We also met accountant David (Coz) Crosscomb, who came from Australia three years ago to become Bethel's director of economic development. Coz had come to America not for streets paved with gold but to see what he could do about sidewalks covered with trash. He's trying to resurrect materially several dead blocks, but the discouragement of dealing with Philadelphia officials is taking a toll on him.
"The license and inspections bureau is so politicized that it acts quickly only when connections are brought to bear," Coz noted. "Under ordinary circumstances, it takes months to have an abandoned car towed and years to close a crack house." Union-imposed regulations make fixup work harder: If a plumber comes in from elsewhere to do volunteer work, he needs to have a city license.
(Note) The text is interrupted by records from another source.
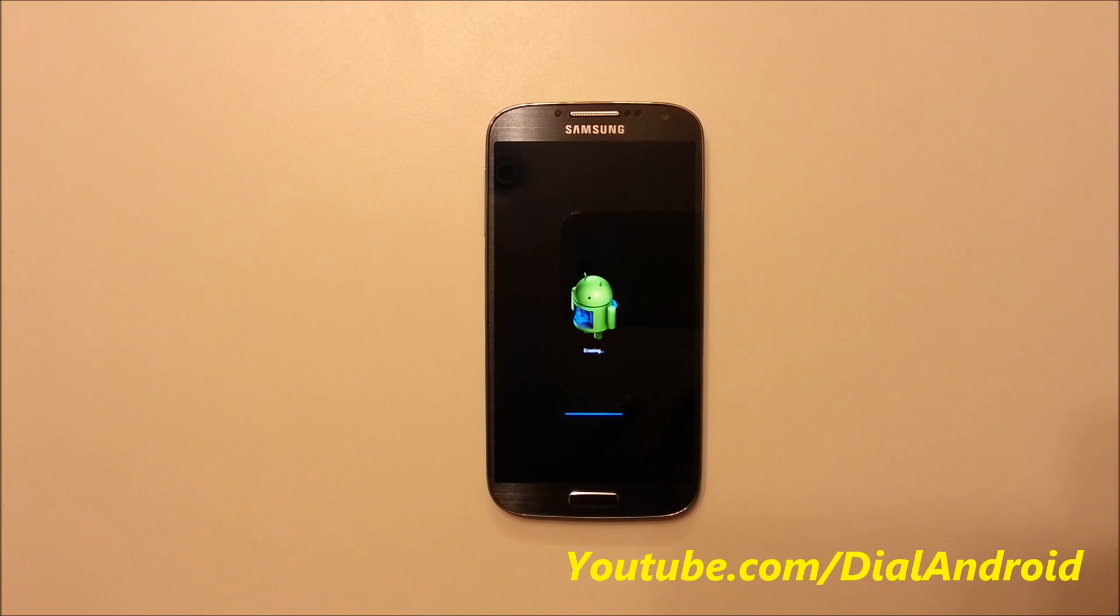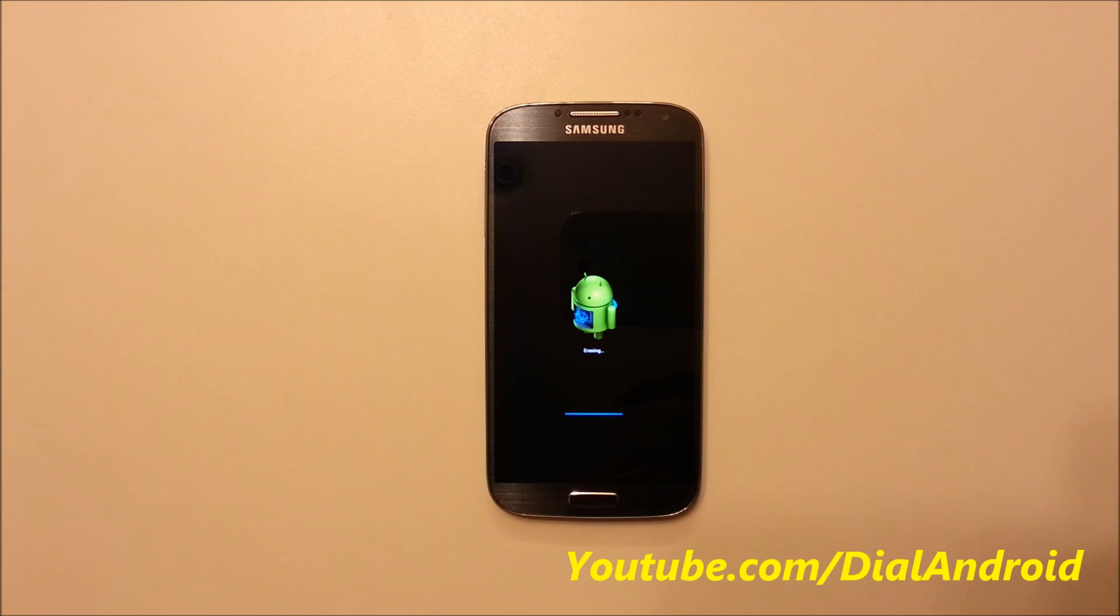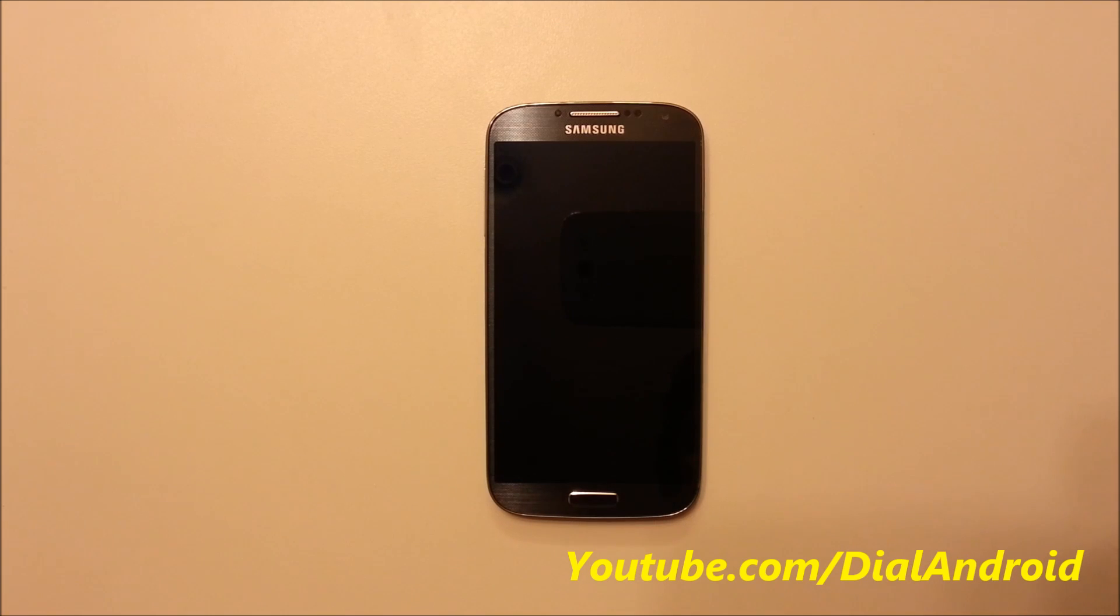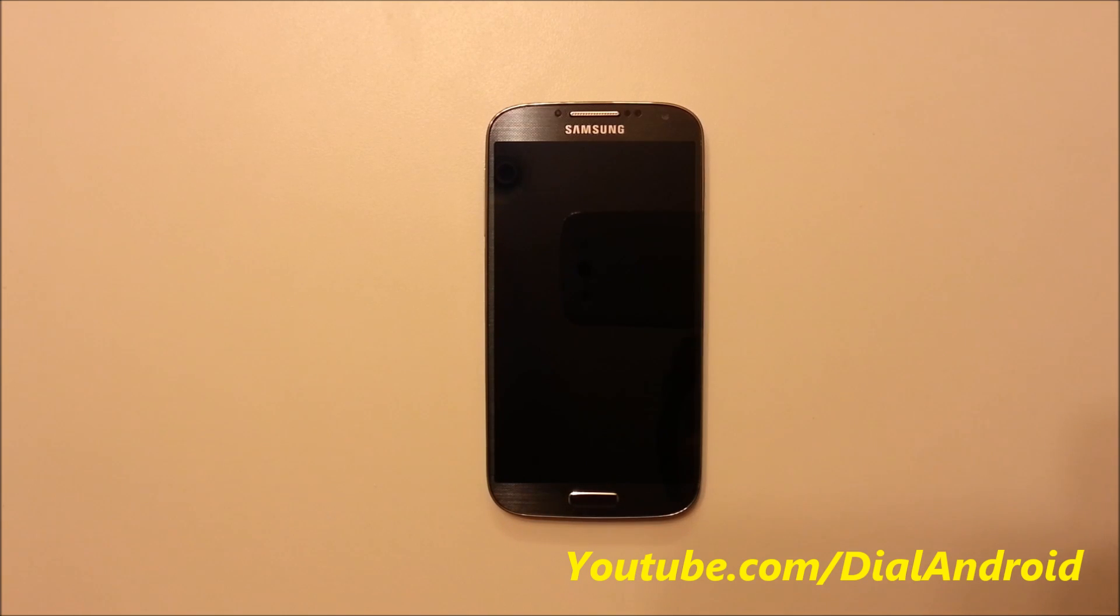Because what basically it does is when you click on there, it goes to recovery mode automatically and erases everything. Well, we have a manual way of doing it, which I will show you in the next video.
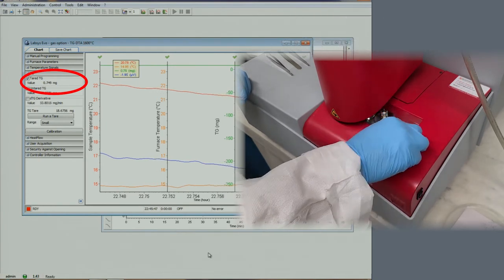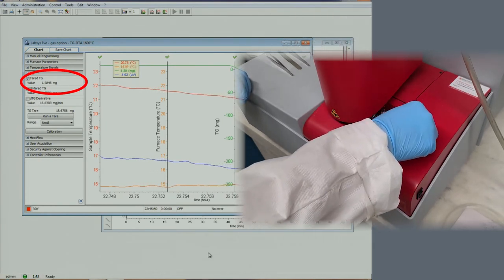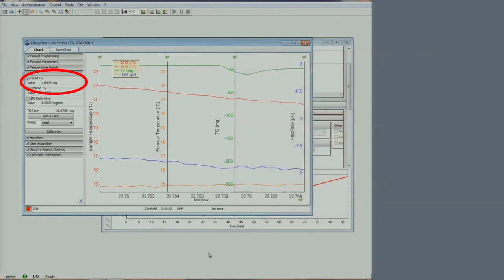Press the cover back in to create a tight seal. We are now done preparing the instrument for the measurement. The tared value is now very small.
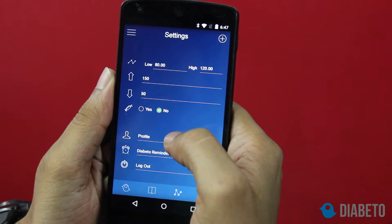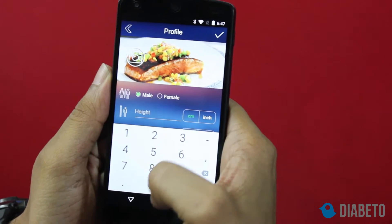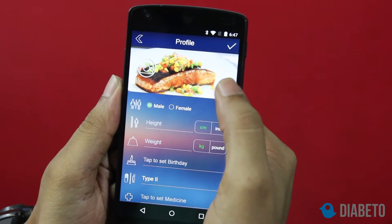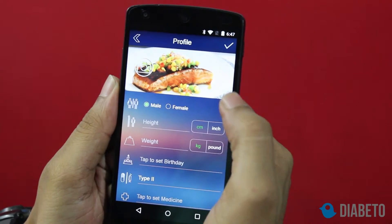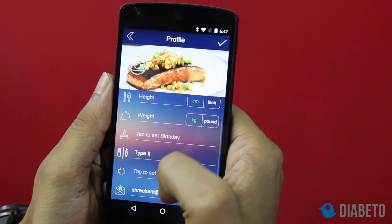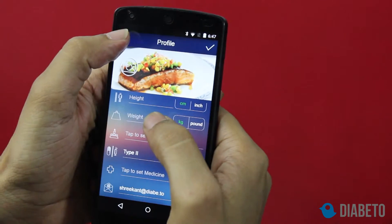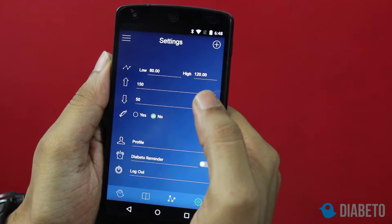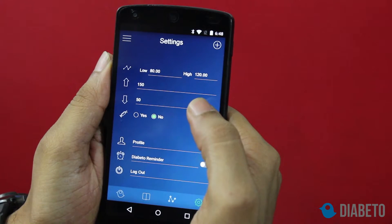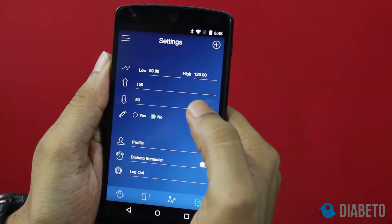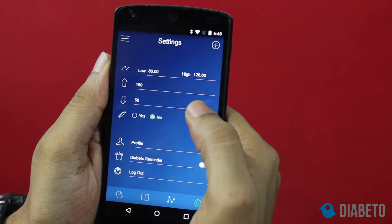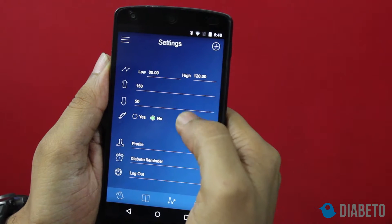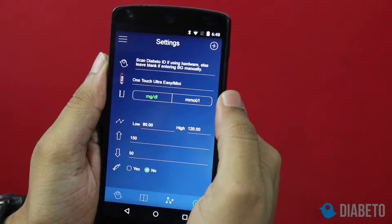The next field is the profile field — you simply have to enter all your details. You can even select your background image and fill in all those fields. The next field is the diabetes reminder, a feature where the application can remind you when to take the next blood glucose reading. Right now I have disabled it. That's it for the settings screen.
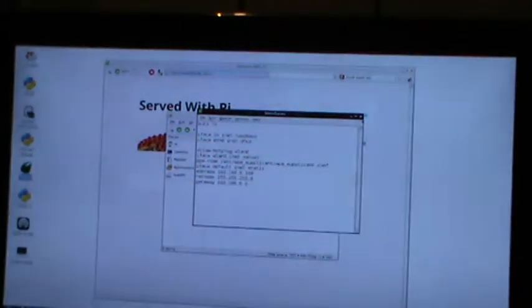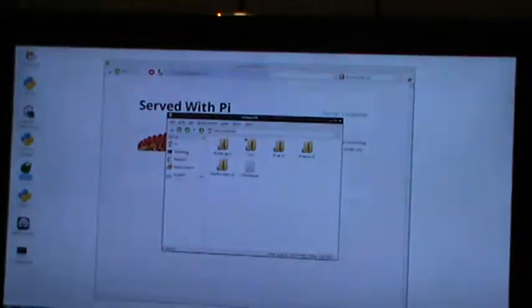Netmask, 255.255.255.0. Gateway, get this from any other device that's connected to your home network. You need to do a sudo reboot after you've changed that.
Garbage often is not collected. "And owners have no incentive to fix up houses; they get taxed out of existence."
Frustrations abound, but Bethel folks seem to a see a half-full glass. Ralph took us into the building the church had purchased as a learning center from a woman who initially had planned to sell it to one of the local drug dealers. It had plywood over some of the windows and bullet holes through the plywood, but Ralph proudly showed the peeling felt pool tables, old foosball games, and old, scarred desks. Here was hope that went beyond material.
Bethel was making do in other ways as well. In front of the sanctuary medical students volunteer to give free blood pressure, diabetes, and HIV tests. When a baby in Coz's arms cried, he mentioned that he was taking care of Ralph's niece for six months because, as he put it delicately, "her mom's away." (She was in prison.)
Maybe the key is what Joel van Dyke, Bethel's co-pastor, said in a sermon this past summer. Too many people, he told 80 congregants in old wood pews, think that freedom means being able to do whatever you want to do. "But how many of you," he asked, "know the thrill of being a tool in the hands of God to redeem another human life?"
How many lives will Philadelphia's Oct. 16 Music Day, or speechifying at the United Nations, redeem?